[FCDS] Mutex and Lock basics

NOTES ON [FCDS] : mutex.
Keywords: Mutual Exclusion, Locks, Peterson’s Algo. Filter Algo. Bakery Algo.

takeaways:

  • Concepts & Terminology
    • Mutual Exclusion
    • Atomic
    • Time, Event, Intervals and threads(considered as events)
    • Partial and total ordering
  • Lock basics
    • Interface and basic usage.
    • Properties: Mutual Exclusion, Deadlock-free, Lockout Free , fairness(FIFO)
    • Doorway and waiting sections
  • Lock Implementations for 2 thread
    • Peterson’s Algorithm
  • Lock Implementations: n-threads
    • Filter Algo.
    • Bakery Algo. (cool but not practical)

Theorem: at least n MRSW registers are needed to solve deadlock-free mutual exclusion. today we solve FIFO n thread mutual exclusion using 2n RW-registers.

CONCEPTS & TERMINOLOGY

Mutual Exclusion ensures security(correctness) but not good for speedup. (it goes Sequential).

Atomic operations e.g. implementing a shared counter

long getAndIncrement(){
    long temp = value;
    value = temp + 1;
    return temp;
}

solutions to Make it atomic:

  • Use “increment” functionality provided by cpu (Atomic Integer). Nice speedup.
  • Use a lock(synchronized): is usually slower but sometimes we have no choice.

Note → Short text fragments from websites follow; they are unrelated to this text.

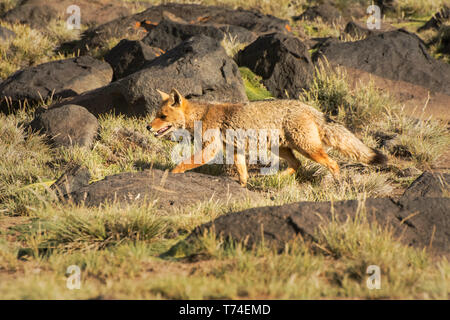 Ein patagonischen Fuchs (Lycalopex griseus) läuft über das Bild von Rechts im warmen Licht eines späten Nachmittag; Mendoza, Argentinien links Stockfoto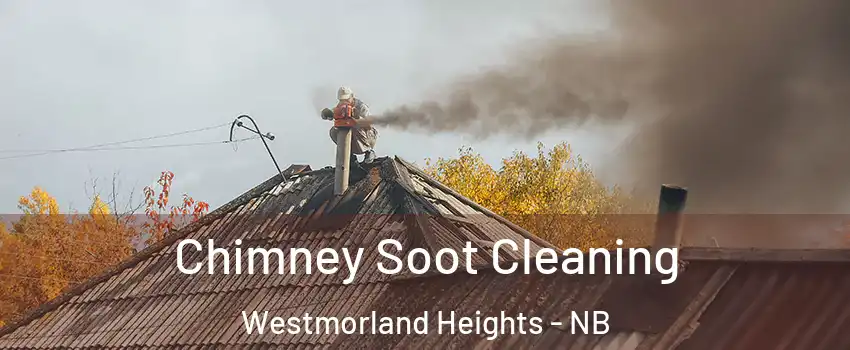  Chimney Soot Cleaning Westmorland Heights - NB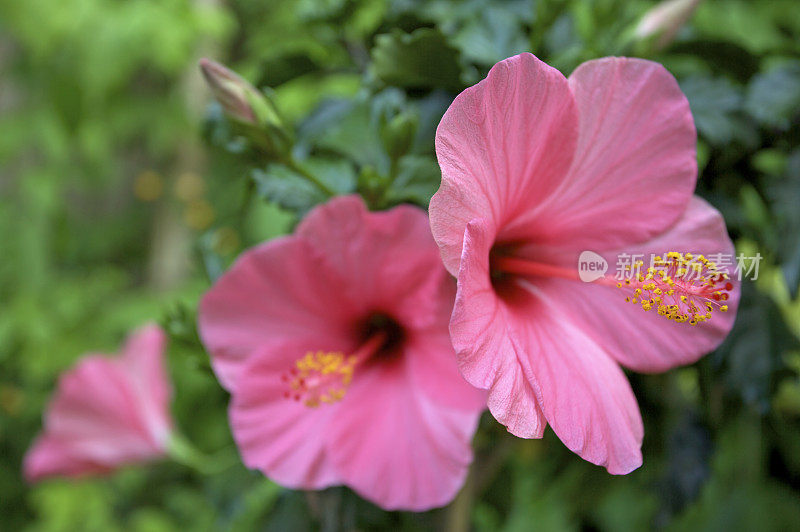 粉色的芙蓉花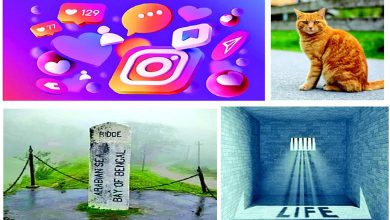 અજબ ગજબની દુનિયાના કિસ્સાઓ દર્શાવતી રંગીન કાર્ટૂન અથવા કોલાજ છબી.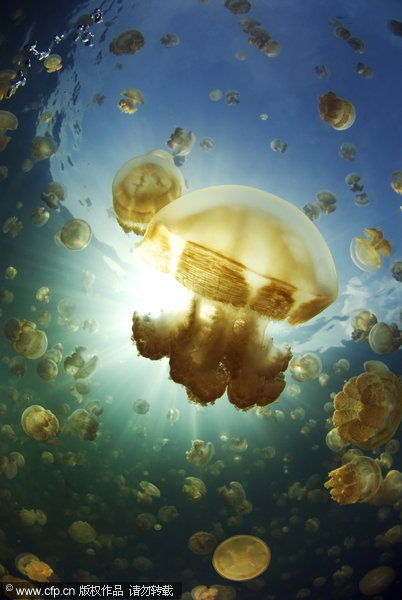 US Navy oceanographer John Bleidorn spends his spare time diving and taking pictures. John photographed the millions of jellyfish in the appropriately named Jellyfish Lake in Palau. The Golden Jellyfish have evolved seperately from their ocean dwelling cousins and have lost most of their sting. [CFP] 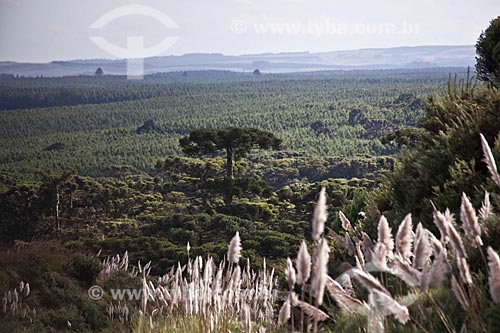  Subject: Campim-dos-pampas and vegetation - view from Highway RS-235 / Place: Rio Grande do Sul state (RS) - Brazil / Date: 03/2011 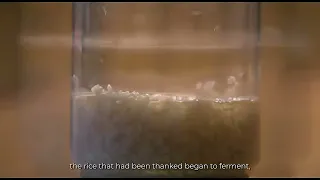 Masaru Emoto's Rice Experiment in FHD with English Caption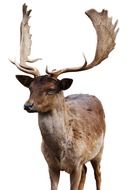 wild deer with big horns on a white background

An event a0 of thread A is

  • Instantaneous: not a interval but a time point.
  • No simultaneous events (events wont happen at exactly the same time point)
  • Example Thread events:
    • Assign to shared/local variable
    • Invoke method
    • return from method

Thread can be defined as:

  • A sequence of events.
    • “Trace” model
    • Notation: a0->a1 indicates order
  • Threads are state machines

States

  • Thread state: Program Counter; Local Variables
  • System State: Object fields (shared variables); Union of thread states

Events of two or more threads - Interleaved - Not necessarily independent

Intervals:

  • time between 2 events
  • Intervals may overlap

Intervals may be disjoint:

  • Precedence: Interval A0 precedes interval B0;
  • (end event of A0 precedes starting event of B0)
  • (Intervals don’t overlap)
  • Notation: happen before/precedes A0->B0

Partial Ordering (For Intervals):

  • Irreflexive A->A is never true
  • Antisymmetric if A->B then B->A is not true
  • Transitive A->B And B->C then A->C;
  • A->B and B->A can both be false(e.g. overlap)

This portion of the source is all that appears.